Interspersed with the many enlightened statements of support from professional athletes and others involved in sports, including one notable Dallas sportscaster, were the guys who expressed their disapproval, both the open bigots and those who were anonymously predicting that Sam’s value would fall in the upcoming draft as he tried to go pro, or as they like to say, “participate at the next level.” They worried that he would “disrupt a locker room.”

Next level? Disrupt a locker room? What a delicious coincidence that a new report just came out that detailed the grotesque sexist, homophobic, cruel bullying in the Miami Dolphins locker room that caused 300-plus-pound lineman Jonathan Martin to flee the team. He’s not gay, by the way.

Obviously, an argument can be made that not all jocks are the brightest bulbs. But, they’re not the only ones who cling to ignorance. Once again, another federal judge has had to make a ruling that simply ratifies what should be a given, that in the United States, we have a right to “equal protection under the law.” In the latest case, Judge Arenda L. Wright Allen acted to strike down a prohibition against gay marriage, this time in the Commonwealth of Virginia. “Tradition is revered in the Commonwealth, and often rightly so,” she wrote. “However tradition alone cannot justify denying same-sex couples the right to marry any more than it could justify Virginia’s ban on interracial marriage.”

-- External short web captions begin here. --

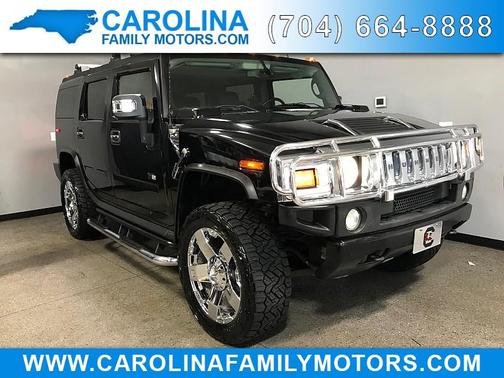 2006 Hummer H2 Base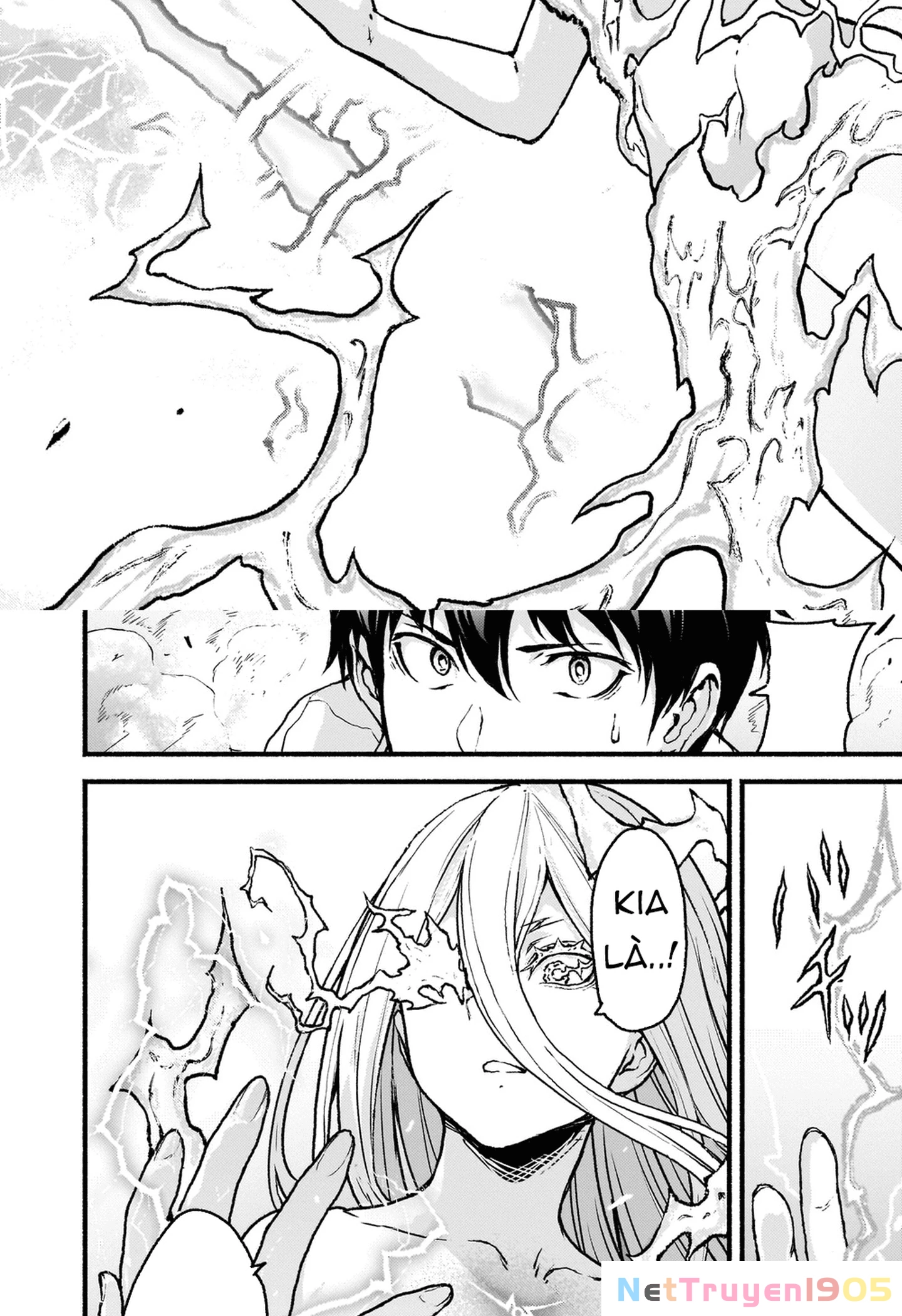 Xuyên Không Cùng Kamisama Tới Thế Giới Không Có Thần Linh Chapter 55 - 39
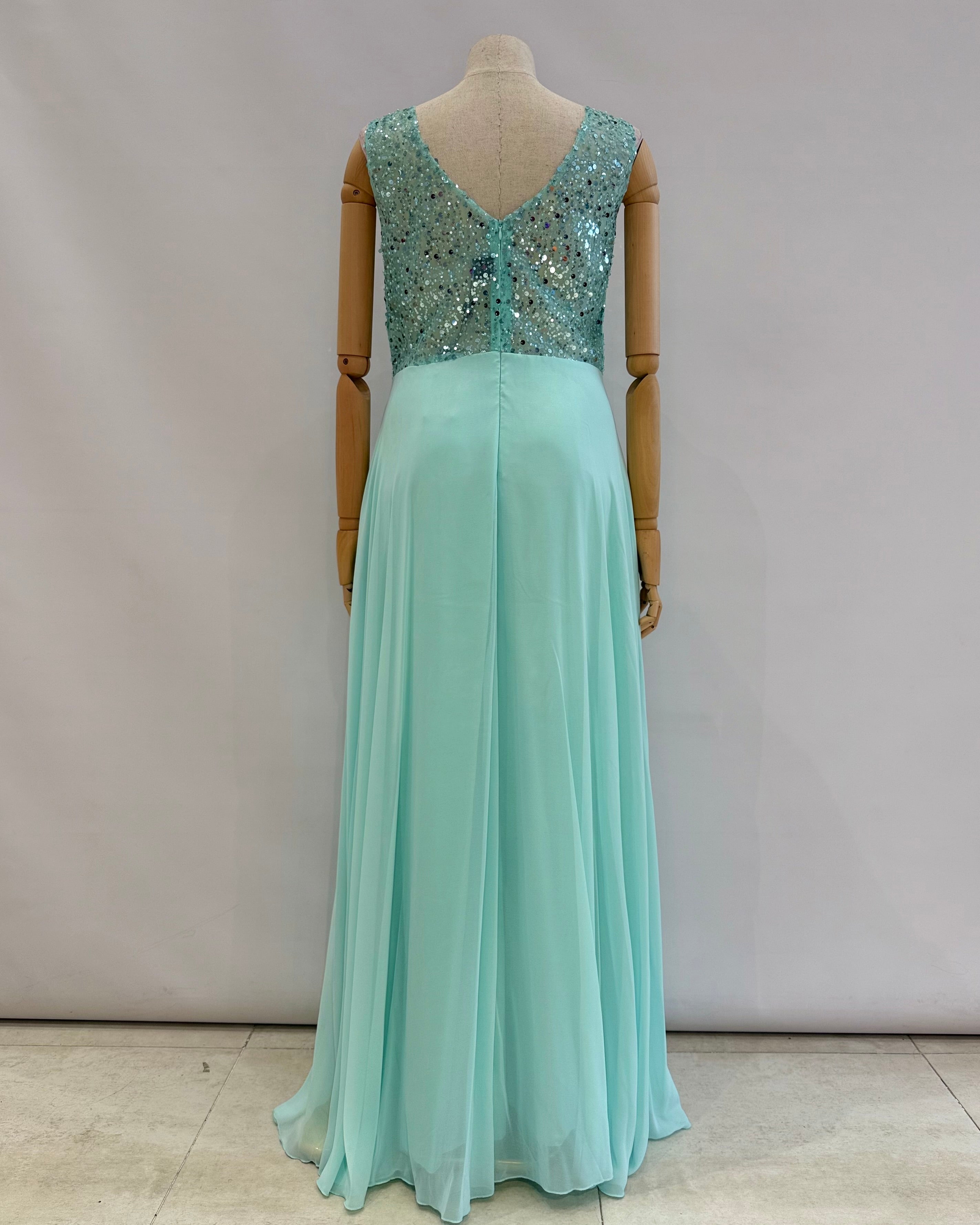 Vestido largo TG 1770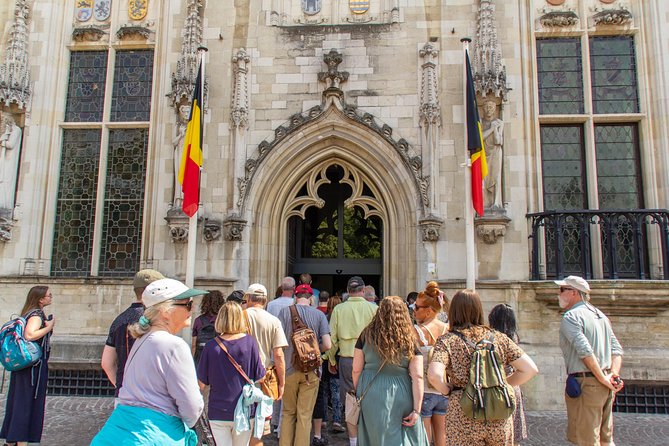 Bruges Bites & Sights - Belgian Food, Beer & A Little Bit Of History - Why this Bruges food walk works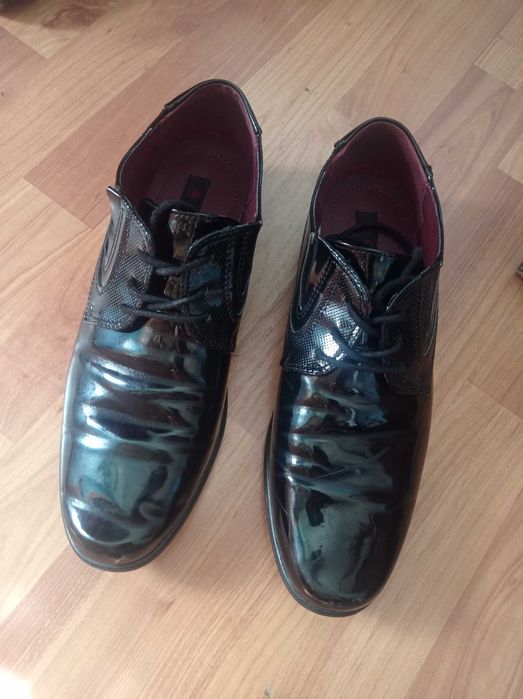 Buty galowe meskie 39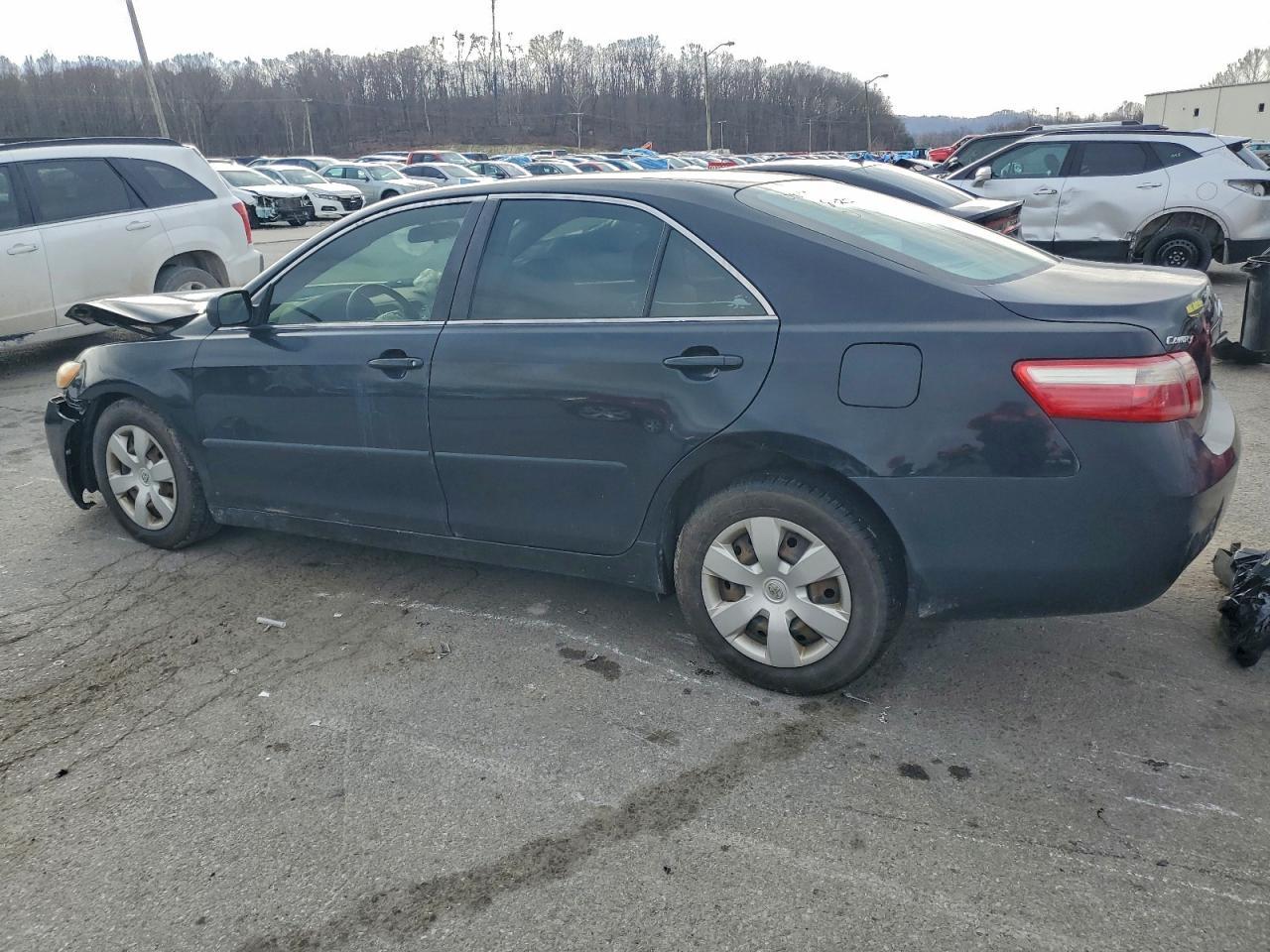 2008 TOYOTA CAMRY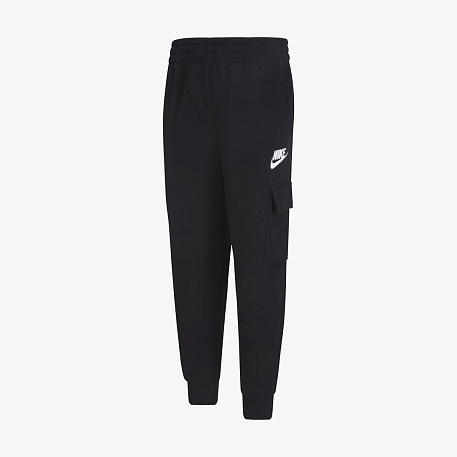Брюки NIKE NKN N NSW CLUB FLEECE LBR CARG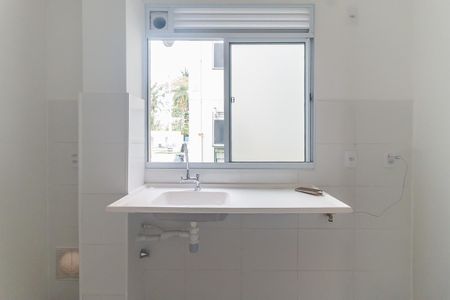 Apartamento para alugar com 60m², 2 quartos e 1 vaga Apartamento para alugar com 60m², 2 quartos e 1 vagaCozinha e Área de Serviço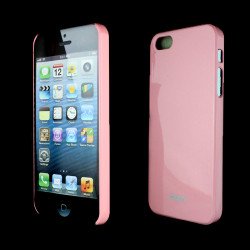 iPhone 5 5S Color Changing Hard Case (Pink)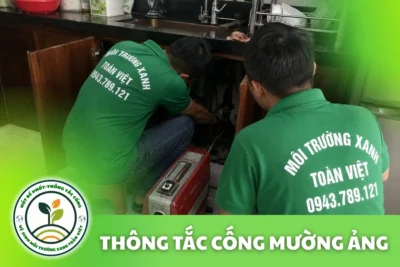 Thông Tắc Cống Mường Ảng Điện Biên – Mùa Thu Hoạch Cà Phê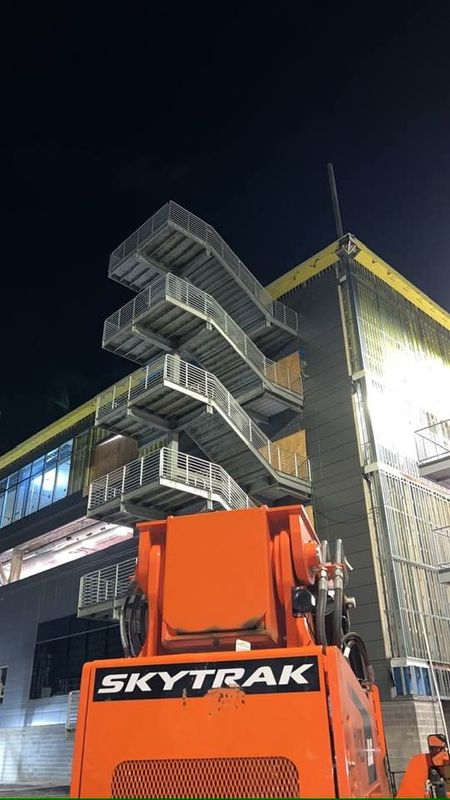 Residential Staircases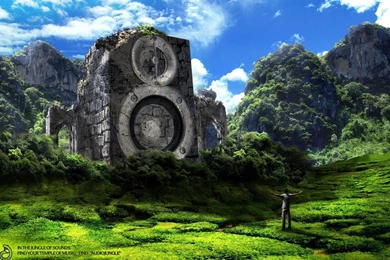 Audio Jungle Creative Design Wallpapers 1920*1080 12 Desktop ...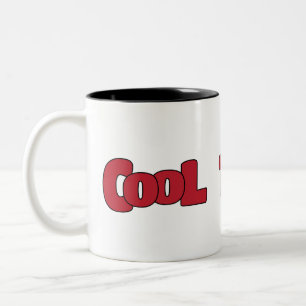 Taza Bicolor Diseño de Coffee mug GUAY 1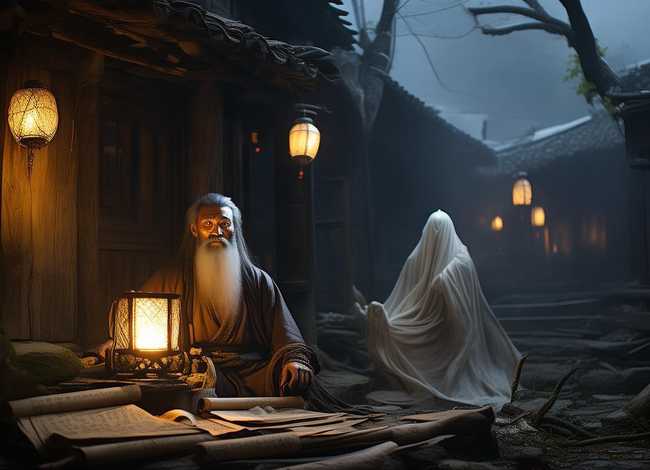 《聊斋故事》；聊斋故事民间传说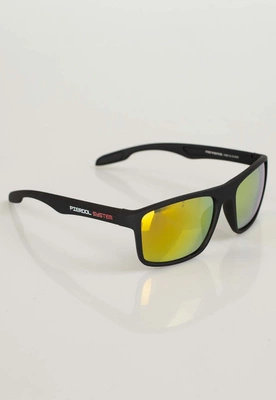 Okulary Red Eyes ******* System P15 czarne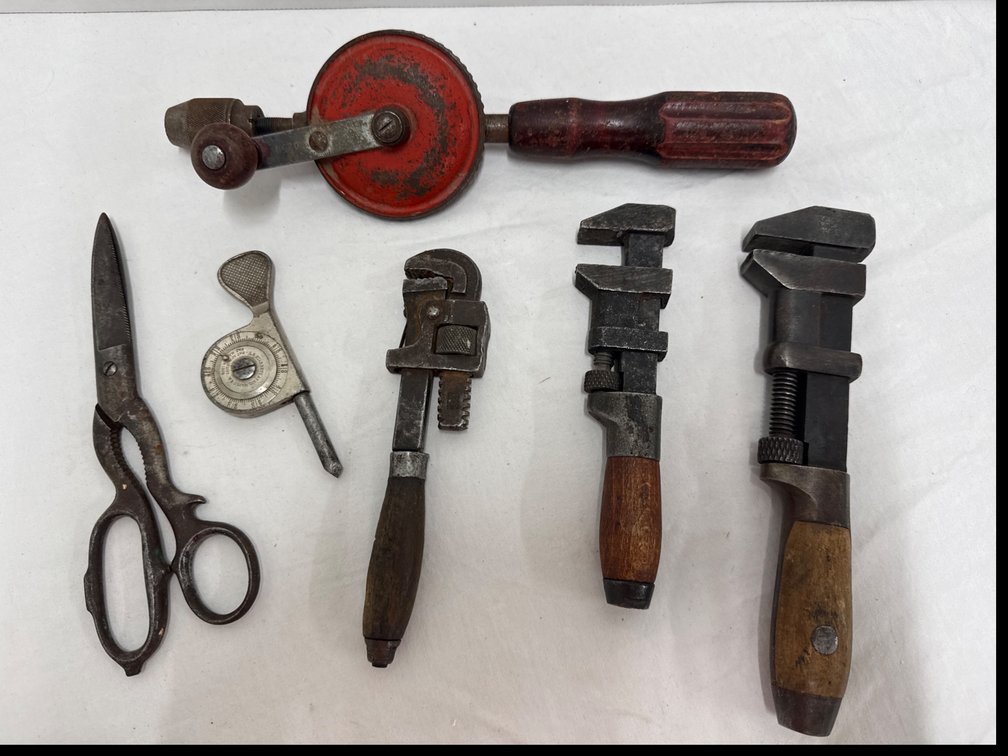 Vintage Tools (6)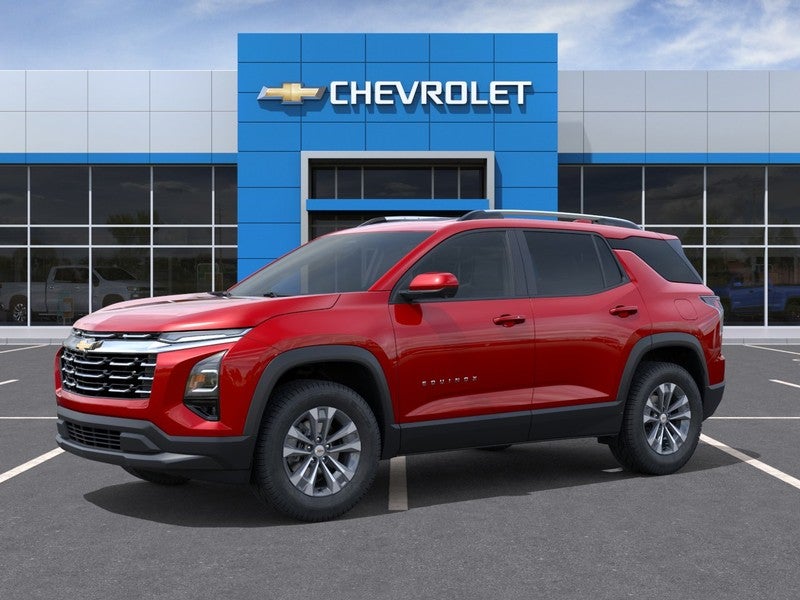 2026 Chevrolet Equinox FWD 4dr LT w/1LT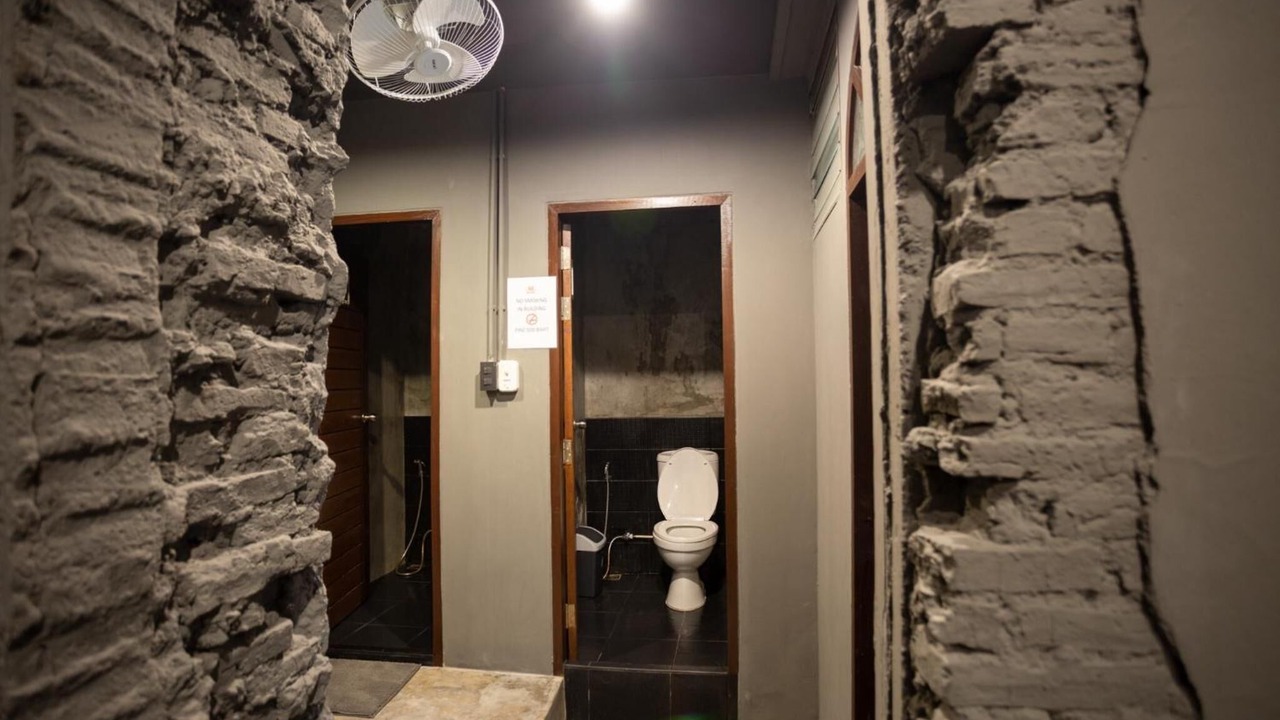 Photo of Bathroom in China Town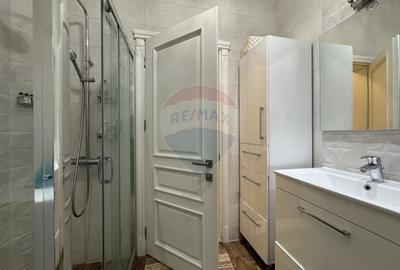 Apartament cu 2 camere semidecomandat, mobilat în P-ța Victoriei - 16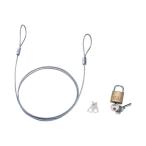 ( суммировать ) Sanwa Supply ноутбук система безопасности комплект SL-066K 1 упаковка (×5 комплект ). покупка 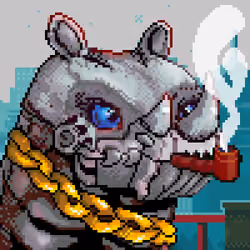 Meka Rhinos #1546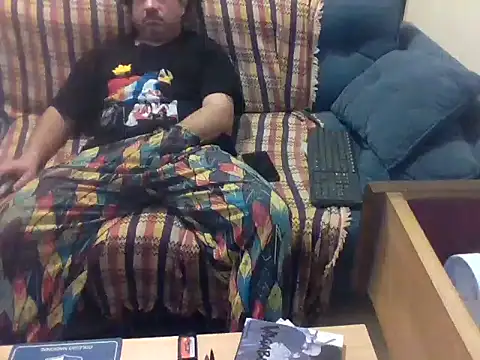 Snapshot of CCComandante chatting on 04.23.26 CCComandante online show from 04.23.26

We don’t need to dwell on Virginia’s genteel history of ugly discrimination and worse. What’s interesting today is the response we hear each and every time another jurist throws out a gay-marriage ban. It is identical to the one that was common in the 1960s, when racial prejudice was enshrined in the law. The head of an organization called the National Organization for Marriage accused the judge of “twisting the Constitution and the rule of law to impose her own views of marriage in defiance of the people of Virginia.”

It’s the same states’ rights discredited argument that was made in favor of Jim Crow laws a generation ago. By design, there is tension between the authority of the states and federal government, but the Constitution is the “supreme law of the land” and no lesser jurisdiction can undermine its core principles.

Appropriately, it will be the U.S. Supreme Court that decides this one, but let’s be honest: The justices are just fallible human beings whose rulings are clouded, if not distorted, by their own cultural prejudices and ideologies. So even with broad popular support and with the obvious equality arguments, it’s not a sure thing at all that fairness and tolerance will prevail in the majority’s opinion.

But that’s down the road. As a society we need to use the growing acceptance of gay marriage to make the legal rulings irrelevant. Inevitably, it will become unnecessary for anyone to bother announcing his or her sexual preferences. Someone sarcastically might say, “Thank you for sharing,” but that’s it. At that point, the athletes who follow Michael Sam can just focus on the locker room instead of the closet.

Bob Franken is a longtime broadcast journalist, including 20 years at CNN.